-------- RECORDS SUPPLIED

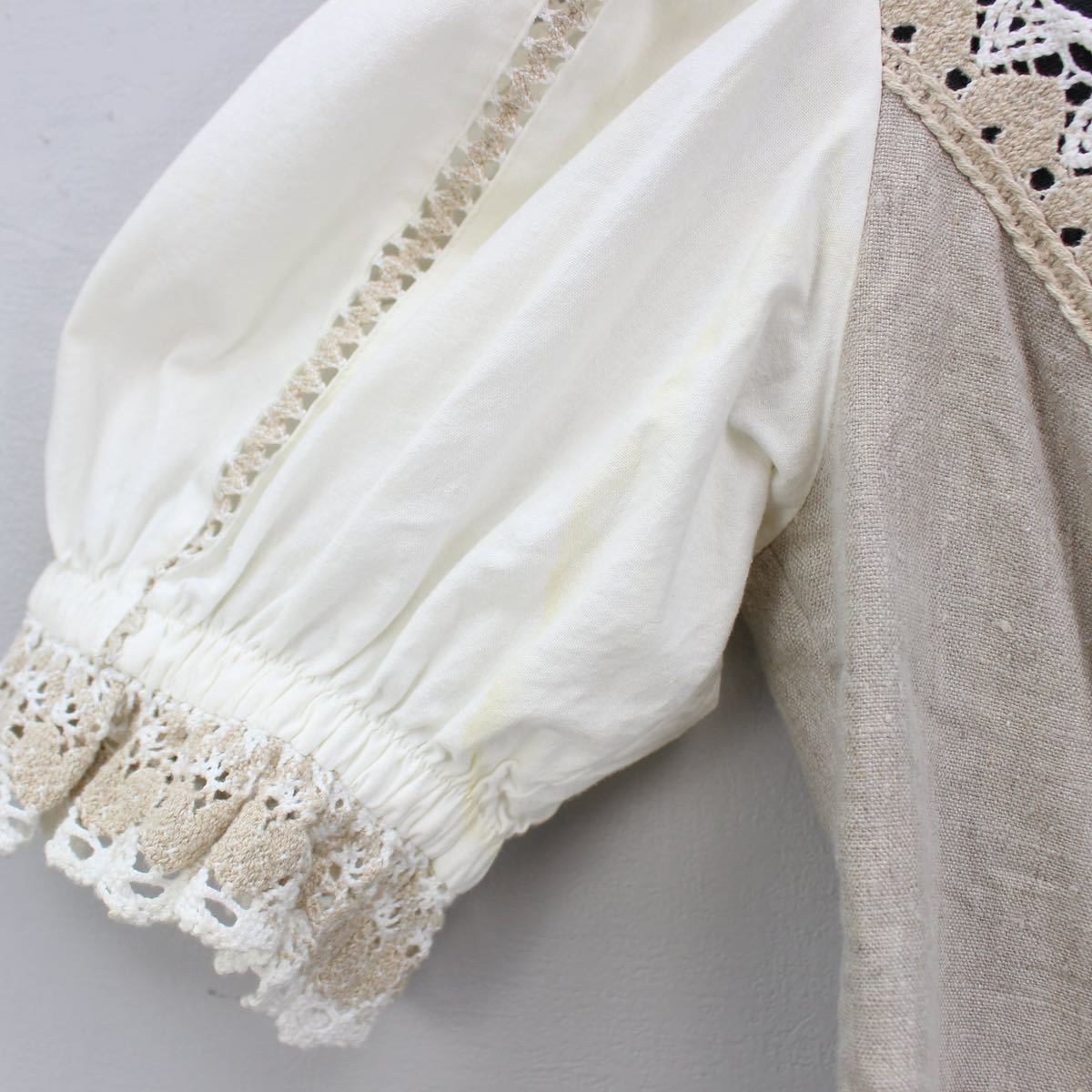 EU VINTAGE COUNTRY LACE DESIGN TYROLEAN BLOUSE/ヨーロッパ古着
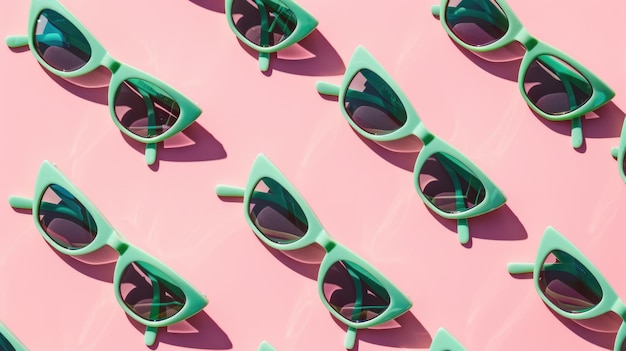 Trendy Green Sunglasses Array on Pink Background for Summer Fashion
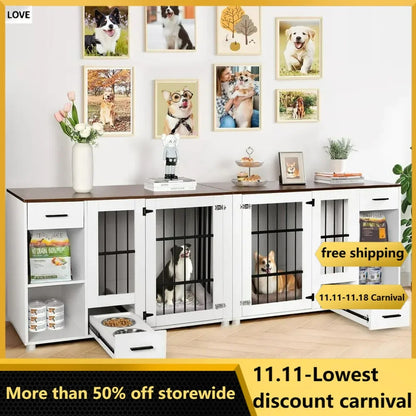 Dog Crate, Large Wooden Dog House with Drawers and Heavy Duty Kennel Indoor with Room Divider and TV Stand Cabinet, Dog Crate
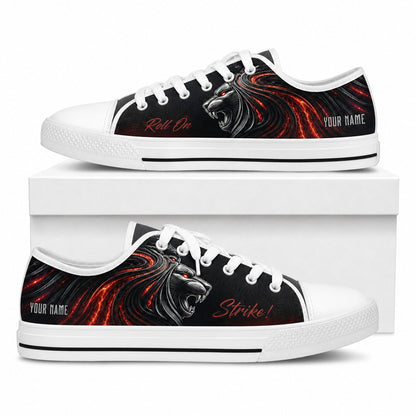 Roaring Lion Bowling Graphic Custom Low Top Shoes Box White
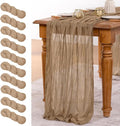 MLMW 10 Pack Fall Table Runner Boho Nude Brown Cheesecloth Table Runner Autumn by MLMW
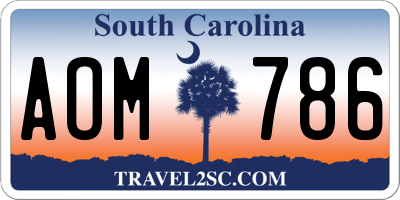 SC license plate AOM786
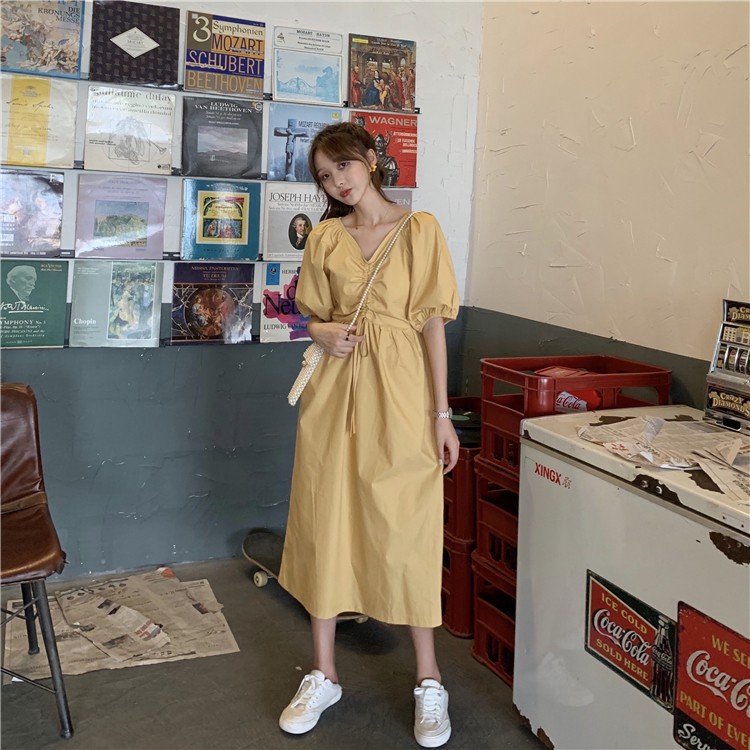 Wild fashion smock design V-neck dress long shirt skirt women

----------------

● **WORK ITEM**
Please retype exactly the lines from the line containing "Dog Crate, Large" through the final line of the records above, inclusive, leaving out any pictures.

● **OUTPUT**
 Dog Crate, Large Wooden Dog House with Drawers and Heavy Duty Kennel Indoor with Room Divider and TV Stand Cabinet, Dog Crate
 Roaring Lion Bowling Graphic Custom Low Top Shoes Box White
 MLMW 10 Pack Fall Table Runner Boho Nude Brown Cheesecloth Table Runner Autumn by MLMW
 SC license plate AOM786
 Wild fashion smock design V-neck dress long shirt skirt women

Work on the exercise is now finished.